Internal Exclusion

There is no lack of evidence to support the proposition that the duopoly parties systematically exclude third party interests from everyday political discourse and activity, while framing this disenfranchisement as a triumph of democracy and non-partisan law-making. As Douglas Schoen recently wrote in a piece on the potential for third party activism on the conservative right: "the two major parties, who appear to disagree on virtually everything, agree on the need to keep any alternatives off of the ballot." However, it should also be noted that such exclusionary policies and practices are not confined to eliminating external threats to the order of the duopoly. Two-party discipline also necessitates what we may call internal exclusions, which maintain the 'integrity' (and I use this term loosely) of the established structure of power.

This is especially clear in the case of Massachusetts.
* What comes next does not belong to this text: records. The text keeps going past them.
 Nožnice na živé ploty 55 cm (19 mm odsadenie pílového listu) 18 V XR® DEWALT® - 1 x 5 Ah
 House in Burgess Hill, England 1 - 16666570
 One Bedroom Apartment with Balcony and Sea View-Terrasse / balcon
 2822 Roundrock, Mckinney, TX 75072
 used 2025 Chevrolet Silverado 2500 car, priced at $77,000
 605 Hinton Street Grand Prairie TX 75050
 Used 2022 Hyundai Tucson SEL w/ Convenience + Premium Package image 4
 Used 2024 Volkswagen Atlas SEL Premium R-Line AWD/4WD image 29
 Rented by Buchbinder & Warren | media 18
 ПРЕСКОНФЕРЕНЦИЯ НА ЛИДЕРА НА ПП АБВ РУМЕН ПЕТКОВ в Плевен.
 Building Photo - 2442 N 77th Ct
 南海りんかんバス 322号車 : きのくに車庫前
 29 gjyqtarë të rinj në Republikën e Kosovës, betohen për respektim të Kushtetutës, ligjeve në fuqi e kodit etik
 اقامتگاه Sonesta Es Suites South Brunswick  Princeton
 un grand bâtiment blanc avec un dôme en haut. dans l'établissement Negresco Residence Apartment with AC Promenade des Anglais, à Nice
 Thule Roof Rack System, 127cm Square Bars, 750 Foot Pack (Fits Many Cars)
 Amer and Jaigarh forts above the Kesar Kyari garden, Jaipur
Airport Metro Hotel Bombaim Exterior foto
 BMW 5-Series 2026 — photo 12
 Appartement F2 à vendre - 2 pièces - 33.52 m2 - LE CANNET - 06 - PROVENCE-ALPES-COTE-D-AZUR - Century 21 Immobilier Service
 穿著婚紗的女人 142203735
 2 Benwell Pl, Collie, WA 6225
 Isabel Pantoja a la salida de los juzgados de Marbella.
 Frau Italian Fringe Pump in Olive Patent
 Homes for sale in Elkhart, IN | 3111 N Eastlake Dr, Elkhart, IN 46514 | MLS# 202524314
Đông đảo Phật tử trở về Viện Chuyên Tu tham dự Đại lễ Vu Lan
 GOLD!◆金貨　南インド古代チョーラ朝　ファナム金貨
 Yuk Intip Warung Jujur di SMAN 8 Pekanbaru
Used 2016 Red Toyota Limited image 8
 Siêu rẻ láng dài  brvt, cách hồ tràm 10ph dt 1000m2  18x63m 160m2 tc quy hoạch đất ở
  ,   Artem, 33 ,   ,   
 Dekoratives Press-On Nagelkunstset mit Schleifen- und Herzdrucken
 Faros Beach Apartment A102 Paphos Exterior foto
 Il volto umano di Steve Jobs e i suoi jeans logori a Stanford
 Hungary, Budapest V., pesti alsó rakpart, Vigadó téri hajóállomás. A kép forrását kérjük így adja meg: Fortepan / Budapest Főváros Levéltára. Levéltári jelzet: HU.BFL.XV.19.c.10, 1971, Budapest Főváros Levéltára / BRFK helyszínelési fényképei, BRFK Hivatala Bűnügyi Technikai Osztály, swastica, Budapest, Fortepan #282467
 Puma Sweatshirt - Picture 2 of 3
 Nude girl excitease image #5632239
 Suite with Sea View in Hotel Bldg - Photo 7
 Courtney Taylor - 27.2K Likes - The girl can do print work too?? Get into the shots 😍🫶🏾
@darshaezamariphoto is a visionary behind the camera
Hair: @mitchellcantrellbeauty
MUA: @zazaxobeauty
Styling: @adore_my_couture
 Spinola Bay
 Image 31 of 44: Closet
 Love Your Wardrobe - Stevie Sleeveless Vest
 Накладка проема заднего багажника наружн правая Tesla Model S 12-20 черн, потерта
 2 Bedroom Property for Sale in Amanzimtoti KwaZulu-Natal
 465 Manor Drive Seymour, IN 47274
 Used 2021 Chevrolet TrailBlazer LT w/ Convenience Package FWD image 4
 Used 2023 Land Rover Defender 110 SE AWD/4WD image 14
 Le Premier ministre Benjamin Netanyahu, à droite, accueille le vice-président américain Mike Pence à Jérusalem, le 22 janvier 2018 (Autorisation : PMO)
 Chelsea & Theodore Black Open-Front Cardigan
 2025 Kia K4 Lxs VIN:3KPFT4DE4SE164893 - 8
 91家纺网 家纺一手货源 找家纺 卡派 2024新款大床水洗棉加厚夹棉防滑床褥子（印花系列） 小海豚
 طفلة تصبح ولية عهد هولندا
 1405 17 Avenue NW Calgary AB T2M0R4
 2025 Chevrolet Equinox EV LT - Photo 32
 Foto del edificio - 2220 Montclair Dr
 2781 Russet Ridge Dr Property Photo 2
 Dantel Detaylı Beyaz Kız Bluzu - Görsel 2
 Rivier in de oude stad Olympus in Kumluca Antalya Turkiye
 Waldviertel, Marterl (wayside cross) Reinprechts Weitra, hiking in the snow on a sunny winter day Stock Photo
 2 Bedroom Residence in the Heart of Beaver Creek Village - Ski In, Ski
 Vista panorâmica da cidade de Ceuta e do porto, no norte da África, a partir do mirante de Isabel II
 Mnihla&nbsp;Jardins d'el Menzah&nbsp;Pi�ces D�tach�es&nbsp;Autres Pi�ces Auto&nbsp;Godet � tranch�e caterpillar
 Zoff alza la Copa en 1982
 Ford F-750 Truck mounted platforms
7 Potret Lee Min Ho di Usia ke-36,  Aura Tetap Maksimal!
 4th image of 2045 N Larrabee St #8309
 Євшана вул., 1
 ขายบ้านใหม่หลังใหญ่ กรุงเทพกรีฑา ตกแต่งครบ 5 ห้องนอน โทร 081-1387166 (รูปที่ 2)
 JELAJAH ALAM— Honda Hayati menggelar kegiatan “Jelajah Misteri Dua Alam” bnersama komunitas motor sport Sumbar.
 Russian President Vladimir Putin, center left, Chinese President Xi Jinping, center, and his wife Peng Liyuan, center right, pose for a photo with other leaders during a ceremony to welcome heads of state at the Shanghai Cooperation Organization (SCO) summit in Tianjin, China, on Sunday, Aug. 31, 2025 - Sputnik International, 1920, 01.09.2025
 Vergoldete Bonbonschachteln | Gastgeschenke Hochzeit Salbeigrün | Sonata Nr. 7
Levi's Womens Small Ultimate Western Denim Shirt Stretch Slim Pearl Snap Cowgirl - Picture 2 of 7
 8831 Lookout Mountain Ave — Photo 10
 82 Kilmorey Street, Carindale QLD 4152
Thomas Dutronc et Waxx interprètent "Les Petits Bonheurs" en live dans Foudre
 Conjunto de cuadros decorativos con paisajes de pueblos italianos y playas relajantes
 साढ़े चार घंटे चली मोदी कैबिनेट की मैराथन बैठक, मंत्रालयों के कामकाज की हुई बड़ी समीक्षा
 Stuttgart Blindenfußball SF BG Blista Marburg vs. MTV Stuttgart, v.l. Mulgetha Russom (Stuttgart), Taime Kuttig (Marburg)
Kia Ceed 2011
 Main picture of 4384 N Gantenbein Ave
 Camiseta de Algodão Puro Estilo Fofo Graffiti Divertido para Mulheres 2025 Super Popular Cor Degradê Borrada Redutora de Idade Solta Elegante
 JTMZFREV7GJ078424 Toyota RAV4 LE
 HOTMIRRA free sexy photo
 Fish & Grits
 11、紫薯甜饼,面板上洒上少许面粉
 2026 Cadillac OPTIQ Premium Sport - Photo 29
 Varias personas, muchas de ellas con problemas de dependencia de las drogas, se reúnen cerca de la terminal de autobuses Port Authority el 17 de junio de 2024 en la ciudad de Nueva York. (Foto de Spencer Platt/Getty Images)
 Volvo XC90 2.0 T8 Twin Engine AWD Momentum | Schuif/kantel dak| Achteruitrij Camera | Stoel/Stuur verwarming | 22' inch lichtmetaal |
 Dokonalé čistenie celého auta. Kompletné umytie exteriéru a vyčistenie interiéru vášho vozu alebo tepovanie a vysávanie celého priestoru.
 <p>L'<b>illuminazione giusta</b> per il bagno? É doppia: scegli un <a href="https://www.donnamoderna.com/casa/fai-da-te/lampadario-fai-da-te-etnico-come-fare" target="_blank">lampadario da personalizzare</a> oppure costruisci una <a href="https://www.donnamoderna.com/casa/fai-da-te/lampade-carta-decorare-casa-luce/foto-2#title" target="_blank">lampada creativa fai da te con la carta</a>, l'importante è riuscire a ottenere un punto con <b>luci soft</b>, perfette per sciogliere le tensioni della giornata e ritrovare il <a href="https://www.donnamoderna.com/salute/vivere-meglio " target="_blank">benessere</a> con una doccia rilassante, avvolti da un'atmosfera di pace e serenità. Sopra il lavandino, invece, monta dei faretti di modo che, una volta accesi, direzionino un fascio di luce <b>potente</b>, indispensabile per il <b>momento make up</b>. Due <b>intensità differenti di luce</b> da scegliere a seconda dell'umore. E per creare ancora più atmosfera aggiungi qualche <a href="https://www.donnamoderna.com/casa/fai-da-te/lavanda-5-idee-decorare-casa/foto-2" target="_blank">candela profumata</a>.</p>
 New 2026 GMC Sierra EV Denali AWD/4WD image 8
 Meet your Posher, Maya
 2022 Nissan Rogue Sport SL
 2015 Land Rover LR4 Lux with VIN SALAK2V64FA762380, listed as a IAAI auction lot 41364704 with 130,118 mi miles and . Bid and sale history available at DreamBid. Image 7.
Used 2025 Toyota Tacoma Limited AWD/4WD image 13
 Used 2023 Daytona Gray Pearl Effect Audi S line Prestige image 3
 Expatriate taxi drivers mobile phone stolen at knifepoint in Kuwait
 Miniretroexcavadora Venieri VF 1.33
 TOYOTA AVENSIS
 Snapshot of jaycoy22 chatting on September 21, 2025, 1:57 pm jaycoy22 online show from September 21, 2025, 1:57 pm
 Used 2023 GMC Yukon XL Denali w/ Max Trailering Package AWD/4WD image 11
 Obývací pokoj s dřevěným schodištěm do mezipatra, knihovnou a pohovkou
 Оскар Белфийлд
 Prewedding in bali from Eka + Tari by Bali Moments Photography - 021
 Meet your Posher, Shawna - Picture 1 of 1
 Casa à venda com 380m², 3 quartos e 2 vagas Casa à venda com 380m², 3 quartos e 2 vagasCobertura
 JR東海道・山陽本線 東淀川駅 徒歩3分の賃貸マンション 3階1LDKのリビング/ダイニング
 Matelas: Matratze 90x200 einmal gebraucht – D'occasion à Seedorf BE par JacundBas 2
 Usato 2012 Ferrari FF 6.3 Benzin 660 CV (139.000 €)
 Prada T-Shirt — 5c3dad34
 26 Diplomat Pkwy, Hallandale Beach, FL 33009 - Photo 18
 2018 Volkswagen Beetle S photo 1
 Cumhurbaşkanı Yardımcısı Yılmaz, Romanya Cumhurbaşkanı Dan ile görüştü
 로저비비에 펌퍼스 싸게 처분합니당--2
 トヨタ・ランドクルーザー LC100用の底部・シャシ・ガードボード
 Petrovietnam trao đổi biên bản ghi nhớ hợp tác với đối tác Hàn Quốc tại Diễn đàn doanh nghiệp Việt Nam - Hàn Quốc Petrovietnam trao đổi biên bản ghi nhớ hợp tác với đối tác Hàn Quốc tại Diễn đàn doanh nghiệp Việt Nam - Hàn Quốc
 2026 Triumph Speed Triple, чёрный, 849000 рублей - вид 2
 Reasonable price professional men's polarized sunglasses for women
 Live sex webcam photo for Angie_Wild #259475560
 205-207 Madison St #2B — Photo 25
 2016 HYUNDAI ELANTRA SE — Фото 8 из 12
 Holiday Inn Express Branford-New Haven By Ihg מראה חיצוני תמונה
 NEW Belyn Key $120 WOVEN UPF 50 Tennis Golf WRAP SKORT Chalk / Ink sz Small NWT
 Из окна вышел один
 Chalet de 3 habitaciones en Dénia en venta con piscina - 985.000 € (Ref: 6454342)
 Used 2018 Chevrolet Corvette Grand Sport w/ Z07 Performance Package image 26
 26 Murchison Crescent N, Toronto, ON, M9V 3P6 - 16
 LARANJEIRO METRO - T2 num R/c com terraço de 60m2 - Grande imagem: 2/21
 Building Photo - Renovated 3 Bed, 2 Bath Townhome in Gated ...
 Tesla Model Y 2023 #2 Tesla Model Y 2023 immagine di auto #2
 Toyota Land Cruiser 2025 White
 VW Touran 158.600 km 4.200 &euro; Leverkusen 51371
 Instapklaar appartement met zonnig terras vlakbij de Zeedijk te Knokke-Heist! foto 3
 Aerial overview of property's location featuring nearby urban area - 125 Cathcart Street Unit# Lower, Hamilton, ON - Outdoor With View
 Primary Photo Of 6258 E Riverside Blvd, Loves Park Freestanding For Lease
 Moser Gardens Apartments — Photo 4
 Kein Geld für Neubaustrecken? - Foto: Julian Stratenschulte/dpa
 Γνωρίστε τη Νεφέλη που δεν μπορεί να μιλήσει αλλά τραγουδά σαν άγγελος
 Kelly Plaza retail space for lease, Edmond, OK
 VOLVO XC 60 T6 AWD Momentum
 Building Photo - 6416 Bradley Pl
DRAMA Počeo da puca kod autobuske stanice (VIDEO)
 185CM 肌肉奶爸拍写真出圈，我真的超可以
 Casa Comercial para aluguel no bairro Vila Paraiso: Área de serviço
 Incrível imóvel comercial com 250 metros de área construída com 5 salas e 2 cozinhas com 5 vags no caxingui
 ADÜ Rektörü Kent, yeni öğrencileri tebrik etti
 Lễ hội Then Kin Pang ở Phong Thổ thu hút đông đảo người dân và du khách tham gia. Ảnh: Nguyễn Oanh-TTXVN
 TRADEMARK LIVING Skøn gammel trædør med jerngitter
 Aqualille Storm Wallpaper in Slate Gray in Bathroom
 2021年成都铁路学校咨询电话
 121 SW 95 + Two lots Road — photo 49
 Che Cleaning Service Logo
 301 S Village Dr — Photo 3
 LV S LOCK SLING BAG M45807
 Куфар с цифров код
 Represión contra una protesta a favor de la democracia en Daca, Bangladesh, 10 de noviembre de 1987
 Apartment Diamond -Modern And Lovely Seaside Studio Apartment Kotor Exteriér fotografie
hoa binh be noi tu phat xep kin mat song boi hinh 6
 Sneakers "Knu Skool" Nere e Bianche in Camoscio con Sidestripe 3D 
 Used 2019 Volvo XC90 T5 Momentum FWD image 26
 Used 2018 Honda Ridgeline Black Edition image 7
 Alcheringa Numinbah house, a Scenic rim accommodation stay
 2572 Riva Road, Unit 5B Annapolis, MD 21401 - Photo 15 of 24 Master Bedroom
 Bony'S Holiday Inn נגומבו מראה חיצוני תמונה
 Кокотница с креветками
The stated goal of the Patriot Initiative blog, for instance, is "to restore a two party system in Massachusetts and beyond," which, of course, means the resurrection of the Republican Party in liberal New England. Aside from the fact that such endeavors are greeted with opposition from Republicans nationally, who are loath to placate so-called RINOS (i.e. Republicans-in-name-only, see, for instance, the reception of Rockefeller Republican's prescriptions by the folks at RedState), there are in addition entrenched local and state interests which do not appreciate any encroachments onto their own turf. Sam Adams at the Patriot Initiative writes of the MA Republican Party:
The ineptitude of this party's leadership, from the entrenched State Committee members who treat their positions as an exclusive social club designed to keep people OUT, instead on bringing people IN, to the local party Chairs who have seen their active members dwindle to the point of some clubs not even meeting or disbanding, is KILLING any chance for growth in our ranks.
A case in point is supplied by Bobby Constantino at The Dot, who launched a long-shot Republican campaign in MA to unseat an incumbent House Democrat in 2006, and recognizes it now as a dreadful error:
I had no idea what I was getting into. My friends and former colleagues distanced themselves from me. People I didn't know avoided me. Even the people in the State Republican Party treated me like a plague, looking at me like I was from Mars when I talked about the things I had seen in Roxbury. I thought I was being bold and brave and doing something meaningful when I decided to run. Instead, I now know that I put my career on the line for, well, nothing. (Emphasis added.)
The two party system maintains and reproduces itself by means of external exclusions possible only on the basis of the bipartisan front, as well as internal exclusions which consolidate the power of party elites via the discipline of the good old boys and girls clubs.